**Instructions to follow:** Starting with the line that has "Saguaro National Park" in the records below and ending with the line that has "Richard – Male Macaque", output those lines exactly and nothing more; omit the pictures.

**Data extract:**
•••••

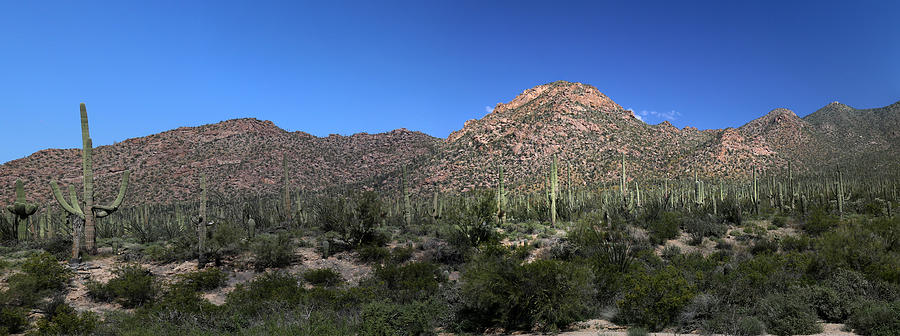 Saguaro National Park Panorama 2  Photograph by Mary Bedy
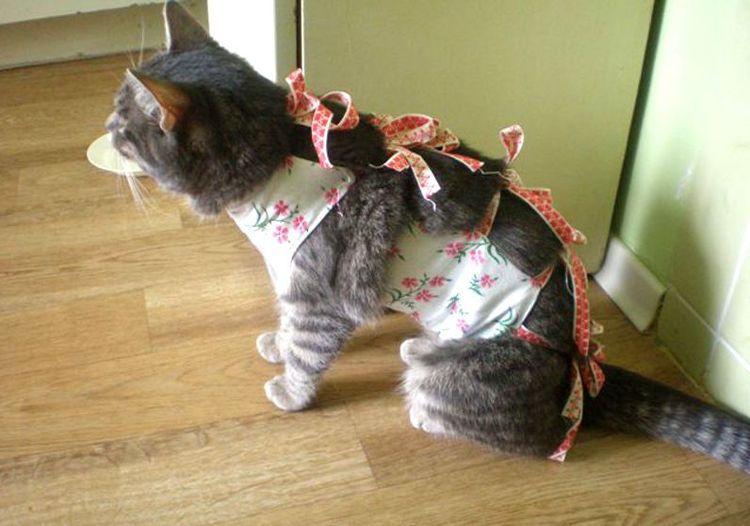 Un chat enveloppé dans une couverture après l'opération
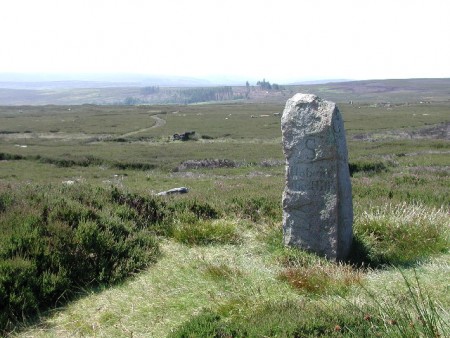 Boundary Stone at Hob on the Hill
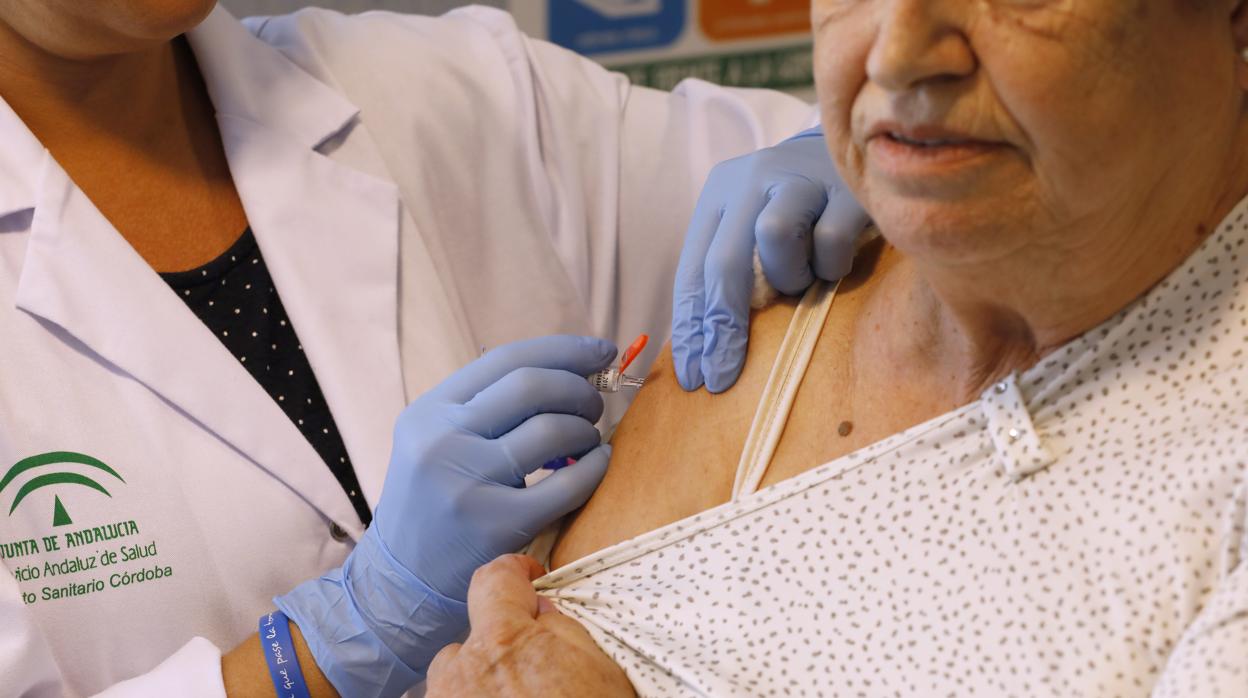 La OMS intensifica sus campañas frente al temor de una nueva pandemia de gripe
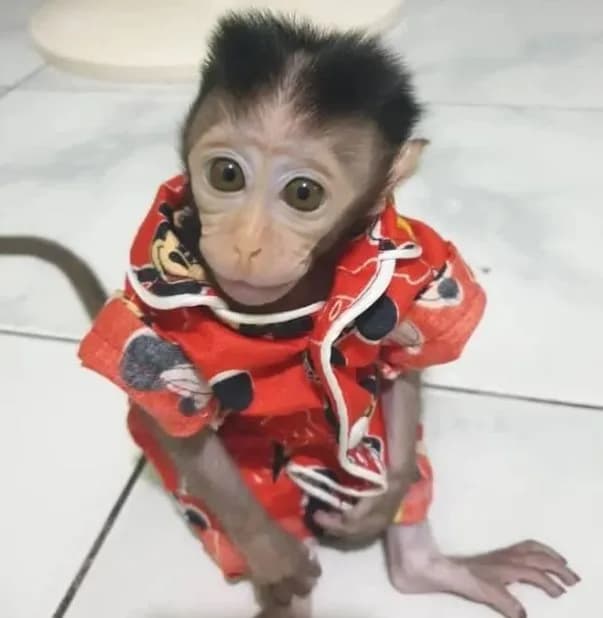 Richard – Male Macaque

•••••

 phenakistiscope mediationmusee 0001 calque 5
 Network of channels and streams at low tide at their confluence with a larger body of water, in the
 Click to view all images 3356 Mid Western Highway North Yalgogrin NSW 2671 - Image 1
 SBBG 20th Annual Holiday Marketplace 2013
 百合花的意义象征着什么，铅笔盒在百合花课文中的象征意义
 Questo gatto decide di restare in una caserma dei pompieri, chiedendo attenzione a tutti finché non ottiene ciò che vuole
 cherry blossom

•••••

**Exercise result:**
 Saguaro National Park Panorama 2  Photograph by Mary Bedy
 Un chat enveloppé dans une couverture après l'opération
 Boundary Stone at Hob on the Hill
 La OMS intensifica sus campañas frente al temor de una nueva pandemia de gripe
 Richard – Male Macaque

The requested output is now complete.